No compression of timestamps (t.tdb) after consolidation
I noticed there's no (default) compression on timestamps after consolidation, at least via the python api for sparse arrays. This wouldn't be an issue, but I also can't find a way to set a compression filter on these values (unlike user-defined attributes, dimensions, coordinates, and offsets). Am I missing a global default compression argument? I can't find any reference to one.
This becomes a source of file size with large sparse arrays.
For example:
import tiledb
import numpy as np
from itertools import product
array_path = 'test_array'
dim1 = tiledb.Dim(
name="d1",
domain=(0, 100),
dtype=np.uint64,)
dim2 = tiledb.Dim(
name="d2",
domain=(0, 100),
dtype=np.uint64,)
domain = tiledb.Domain(
dim1, dim2)
attributes = [ # define attributes
tiledb.Attr(
name='attr1', dtype=np.dtype('uint64'), fill=0)]
schema = tiledb.ArraySchema( # generate a schema
domain=domain, attrs=attributes, sparse=True, allows_duplicates=True,
coords_filters= [tiledb.filter.ZstdFilter(9)])

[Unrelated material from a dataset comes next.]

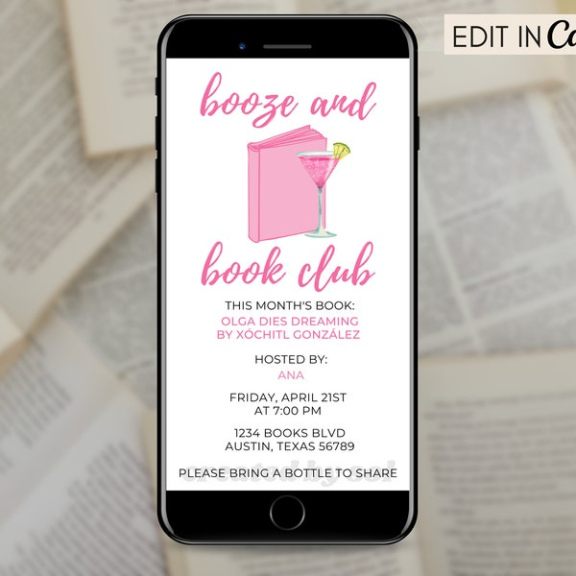 Free Editable Book Club Invitation Email Template Doc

tiledb.Array.create(array_path, schema)
d1, d2 = np.asarray(list(product(range(0,100), range(0,100)))).T
array = tiledb.open(array_path, 'w')
# write 1
array[d1, d2] = {'attr1': np.full(10000, 1)}
# write 2
array[d1, d2] = {'attr1': np.full(10000, 2)}
array.close()
tiledb.consolidate(array_path)
Compare file sizes of a0.tdb and t.tdb in the consolidated fragment - they match suggesting they are both uncompressed uint64.
Alternatively, if it's possible to avoid creation of a t.tdb file where not necessary (e.g. if I set all timestamps to 1 while writing so all match and would be redundant information), that'd also be a great workaround. I don't know if that's more feasible than applying compression to timestamp data.